Little Glider on the back Deck with me the other night. She is about 1/3 the size of a small-medium sized house cat.
27 July 2008
Garden Wildlife
Little Glider on the back Deck with me the other night. She is about 1/3 the size of a small-medium sized house cat.
22 July 2008
Let the Clean-up Begin!
Setting to work!
After a few hours of both of us working. There is still a great deal to go, but a strong start.
One of the Native Fern Trees being freed from Cape Ivy. This is a Rough Bark Fern Tree.
Apple tree (foreground), Peach Tree (Midground, dark trunk) and Fern Trees.
Below: Serious corm removal of Montbretia. This is a serious bush invader, classified as a Noxious Weed. Each plant can bear a string of corms numbering 14 or more. Each corm is capable of producing another plant. You can see, also, where not only does it literally choke out the soil, but also will infest itself under trees and rot them. The blue bucket was completely full from clearing a square meter.
Current Inhabitants of the Garden of Doom
Japanese Honeysuckle wrapping around a sapling trunk.
A Laurel on the right foreground (shiny oval leaves) and other locations, as it is a spreading plant, and even more Cape Ivy.
This is down on Terrace level 4, and some of the wonderful native ferns. There are some of the invasives here, but the goal is to stop them before they choke out the natives, as has happened on the other levels.

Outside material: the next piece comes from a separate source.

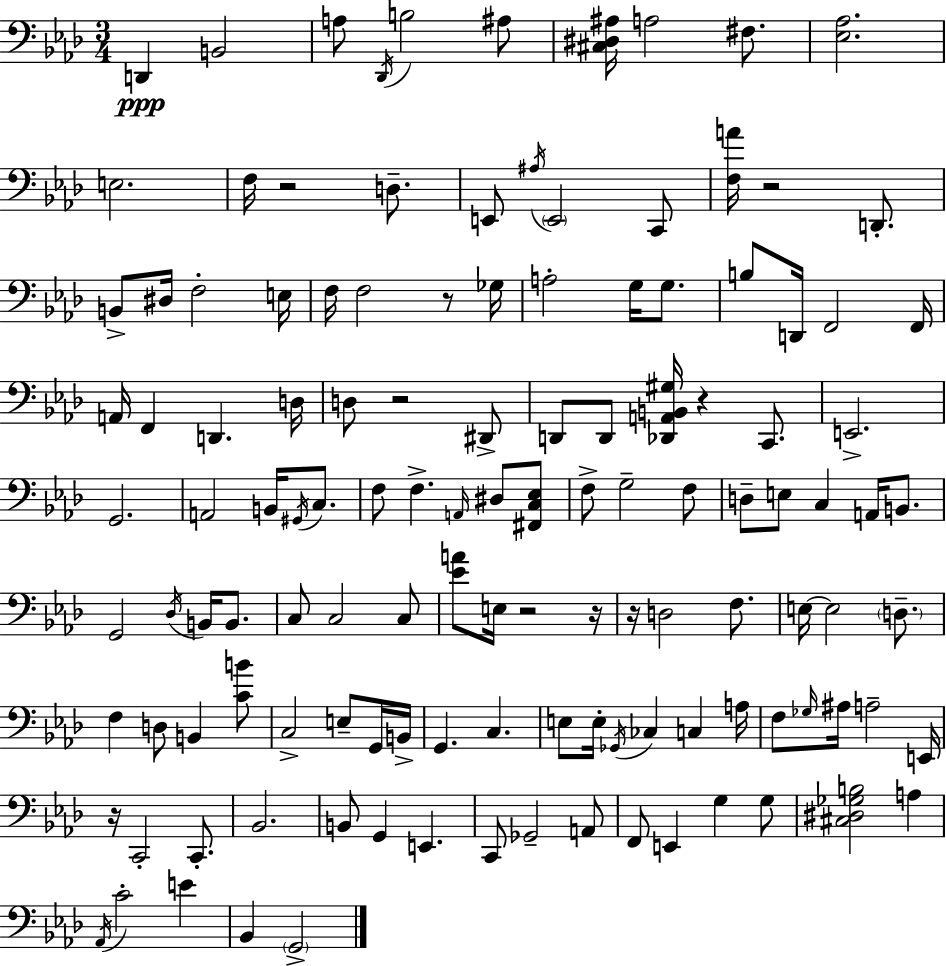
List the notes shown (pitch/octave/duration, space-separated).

D2/q B2/h A3/e Db2/s B3/h A#3/e [C#3,D#3,A#3]/s A3/h F#3/e. [Eb3,Ab3]/h. E3/h. F3/s R/h D3/e. E2/e A#3/s E2/h C2/e [F3,A4]/s R/h D2/e. B2/e D#3/s F3/h E3/s F3/s F3/h R/e Gb3/s A3/h G3/s G3/e. B3/e D2/s F2/h F2/s A2/s F2/q D2/q. D3/s D3/e R/h D#2/e D2/e D2/e [Db2,A2,B2,G#3]/s R/q C2/e. E2/h. G2/h. A2/h B2/s G#2/s C3/e. F3/e F3/q. A2/s D#3/e [F#2,C3,Eb3]/e F3/e G3/h F3/e D3/e E3/e C3/q A2/s B2/e. G2/h Db3/s B2/s B2/e. C3/e C3/h C3/e [Eb4,A4]/e E3/s R/h R/s R/s D3/h F3/e. E3/s E3/h D3/e. F3/q D3/e B2/q [C4,B4]/e C3/h E3/e G2/s B2/s G2/q. C3/q. E3/e E3/s Gb2/s CES3/q C3/q A3/s F3/e Gb3/s A#3/s A3/h E2/s R/s C2/h C2/e. Bb2/h. B2/e G2/q E2/q. C2/e Gb2/h A2/e F2/e E2/q G3/q G3/e [C#3,D#3,Gb3,B3]/h A3/q Ab2/s C4/h E4/q Bb2/q G2/h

When Good Gardens Go Bad...
The below photos are entering the Back Garden from the steps and moving across Terrace 1, aka: Cottage Garden Terrace. These are all pre-clean-up. The plan for here is to stop the further spread downhill of the invasives by removal, replanting with non-invasive Cottage Garden plants such as roses, herbs, veggies, fruit trees and various species of Native Plants. There has been evidence of Bandicoot activity, so we are creating various habitat areas for them to arrange as they please. (Such as leaving old, hollowed stumps, or hollowing them myself to leave for shelters and such). Possums of various species also frequent here as well as gliders and quolls, as well as many bird species. In the clean-up process, natives are being left, cleared around, and habitats preserved.

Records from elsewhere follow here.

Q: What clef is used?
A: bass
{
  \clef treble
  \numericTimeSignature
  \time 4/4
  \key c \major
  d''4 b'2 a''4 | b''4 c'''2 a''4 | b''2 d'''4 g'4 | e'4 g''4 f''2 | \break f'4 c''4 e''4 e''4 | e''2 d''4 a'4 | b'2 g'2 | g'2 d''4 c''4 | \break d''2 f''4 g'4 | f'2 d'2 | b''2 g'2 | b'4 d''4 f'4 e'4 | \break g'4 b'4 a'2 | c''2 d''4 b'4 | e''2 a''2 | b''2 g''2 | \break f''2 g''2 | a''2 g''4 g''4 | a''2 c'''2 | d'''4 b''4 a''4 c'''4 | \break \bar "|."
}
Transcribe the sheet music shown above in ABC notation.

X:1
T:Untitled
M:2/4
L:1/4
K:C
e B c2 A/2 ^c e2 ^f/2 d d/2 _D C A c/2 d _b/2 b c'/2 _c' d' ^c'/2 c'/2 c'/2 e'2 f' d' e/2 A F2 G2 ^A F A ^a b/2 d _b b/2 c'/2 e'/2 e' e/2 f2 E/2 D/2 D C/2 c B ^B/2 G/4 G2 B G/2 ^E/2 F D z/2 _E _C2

And, yes, for those interested, I will be identifying plants.
The last photo is looking down the "steps" to the second Terrace.

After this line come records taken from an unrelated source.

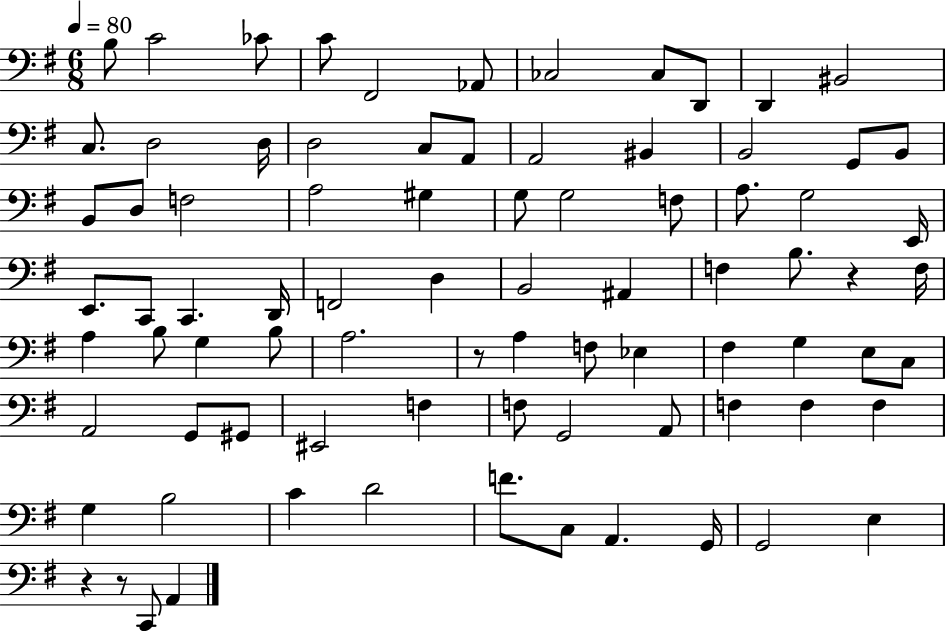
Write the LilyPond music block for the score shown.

{
  \clef bass
  \numericTimeSignature
  \time 6/8
  \key g \major
  \tempo 4 = 80
  b8 c'2 ces'8 | c'8 fis,2 aes,8 | ces2 ces8 d,8 | d,4 bis,2 | \break c8. d2 d16 | d2 c8 a,8 | a,2 bis,4 | b,2 g,8 b,8 | \break b,8 d8 f2 | a2 gis4 | g8 g2 f8 | a8. g2 e,16 | \break e,8. c,8 c,4. d,16 | f,2 d4 | b,2 ais,4 | f4 b8. r4 f16 | \break a4 b8 g4 b8 | a2. | r8 a4 f8 ees4 | fis4 g4 e8 c8 | \break a,2 g,8 gis,8 | eis,2 f4 | f8 g,2 a,8 | f4 f4 f4 | \break g4 b2 | c'4 d'2 | f'8. c8 a,4. g,16 | g,2 e4 | \break r4 r8 c,8 a,4 | \bar "|."
}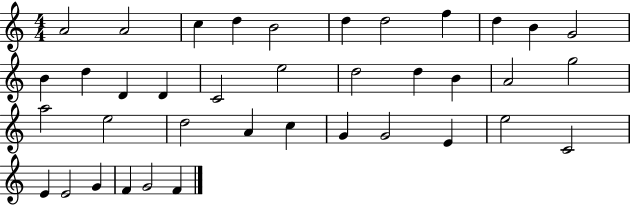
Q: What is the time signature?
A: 4/4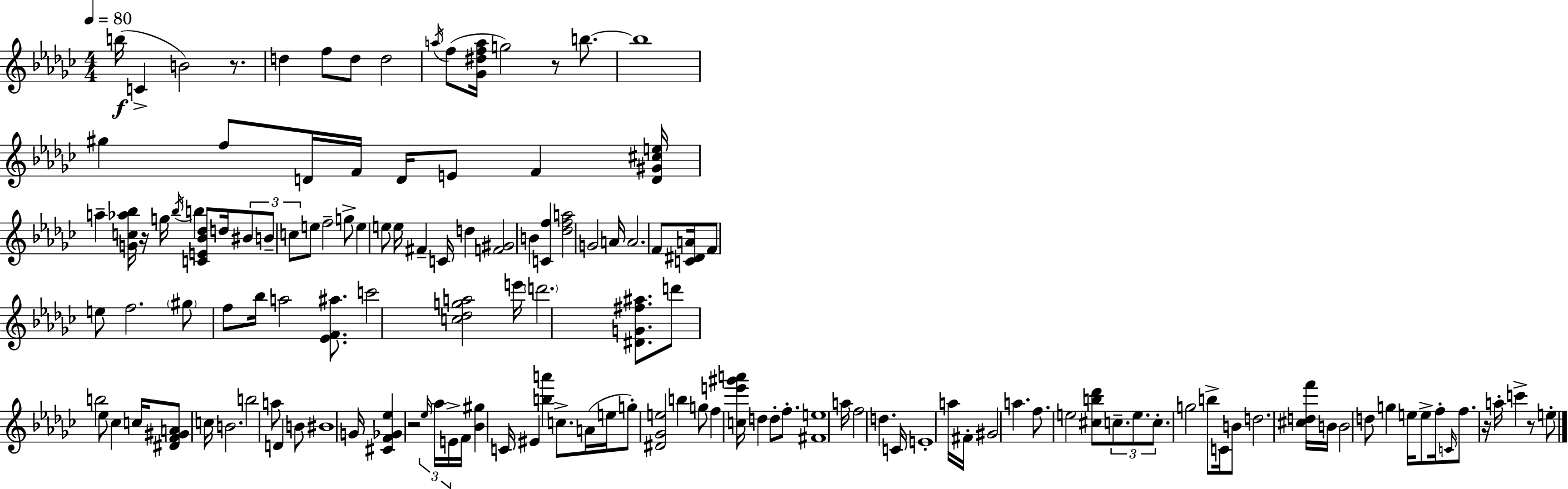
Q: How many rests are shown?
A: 6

From these photos one can see some of the dormant fruit trees, covered with Cape Ivy. Also various ferns, and the green, leathery grass clumps are called "Onion Grass", or Agapanthus. These are hellatious to remove and considered a bush invader. They have dense clumping roots, which I will show later, and those roots and it's spreading capabilities, displace all other vegitation.